2011, deposita il 3 febbraio 2012 e notificata il 21-27 febbraio

2012.

Udita la relazione svolta nella pubblica udienza del 13 novembre 2018

dal Consigliere Andreina Giudicepietro;

udito il Pubblico Ministero, in persona del Sostituto Procuratore

generale Zeno Immacolata, che ha concluso chiedendo il rigetto del

ricorso;

udito l’Avvocato dello Stato Rocchitta Gian Mario per l’Agenzia delle

Entrate e l’avv. Giuseppe Vanz per la società controricorrente.

Fatto

FATTI DI CAUSA

1. Nella controversia originata dall’impugnazione da parte della Società di diritto inglese del silenzio rifiuto opposto all’istanza di pagamento del credito di imposta relativo ai dividendi distribuiti nel 2003 ai sensi dell’art. 10, par 4, lett. b), della convenzione tra l’Italia ed il Regno Unito contro le doppie imposizioni, ratificata con L. 5 novembre 1990, n. 329, la Commissione Tributaria Regionale dell’Abruzzo (d’ora in poi C.T.R.) in accoglimento dell’appello proposto dalla Società avverso la decisione di primo grado (sfavorevole), condannava l’Ufficio C.P.O. al pagamento dell’importo netto di Euro 6.023.167, oltre interessi di legge.

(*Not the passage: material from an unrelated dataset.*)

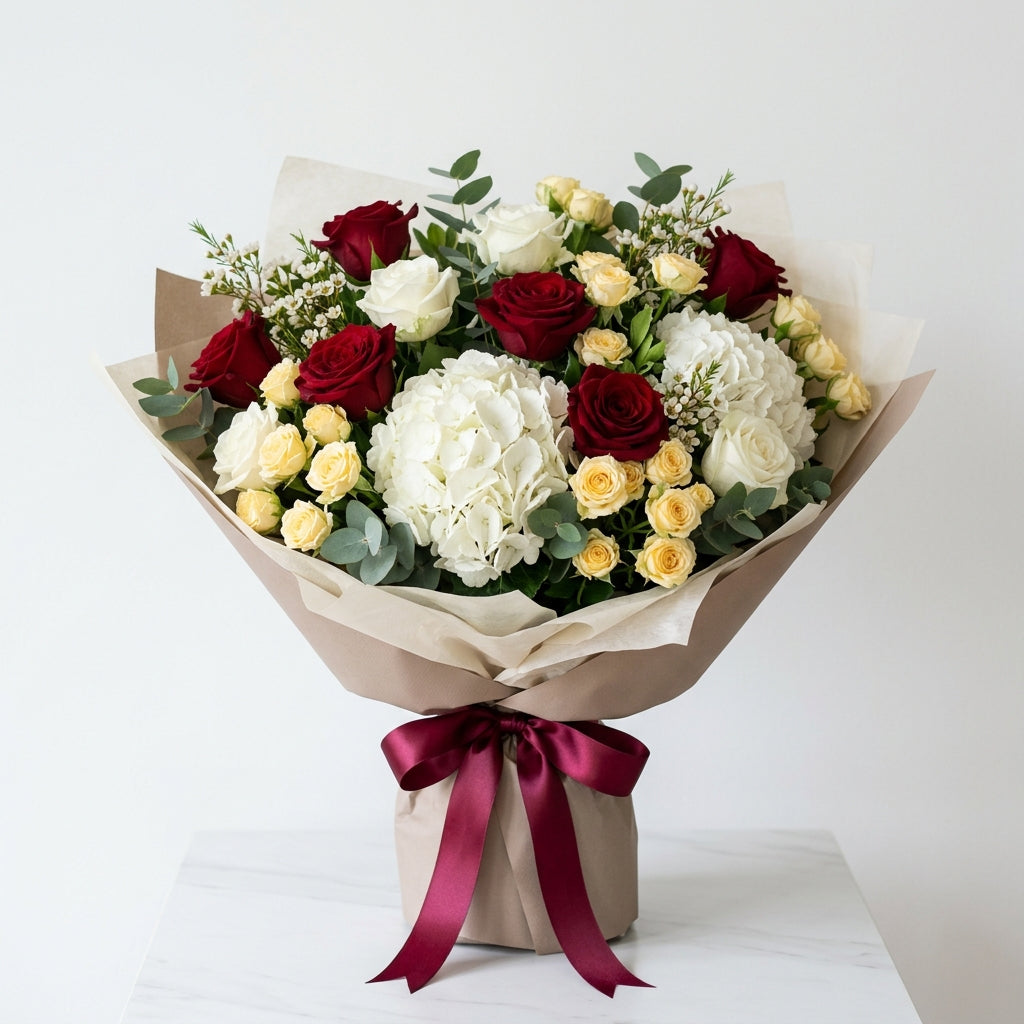 Eid Al Adha Red & White Roses with Hydrangea Luxury Bouquet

In particolare, la C.T.R. – dando atto che la Società rientrava nell’ambito di applicazione della Convenzione tra l’Italia ed il Regno Unito, art. 10, in quanto al momento della distribuzione del dividendo era residente nel Regno Unito e priva di stabile organizzazione in Italia; controllava dal 2002 più del 10% dei diritti di voto nella ITT Italia; era la beneficiaria effettiva del dividendo in questione; era soggetta a tassazione nel Regno Unito sia sul dividendo che sul relativo credito di imposta-disapplicava il D.Lgs. n. 26 del 2003, art. 40, in favore della Convenzione tra l’Italia ed il Regno Unito, art. 10, ritenendo che la prima norma fosse rivolta unicamente ai crediti di imposta di cui al D.P.R. n. 917 del 1986, art. 14, cioè ai soli dividendi distribuiti ai residenti in Italia, e riconosceva il diritto della Società alla corresponsione del credito pari al lordo delle imposte applicabili dall’Italia.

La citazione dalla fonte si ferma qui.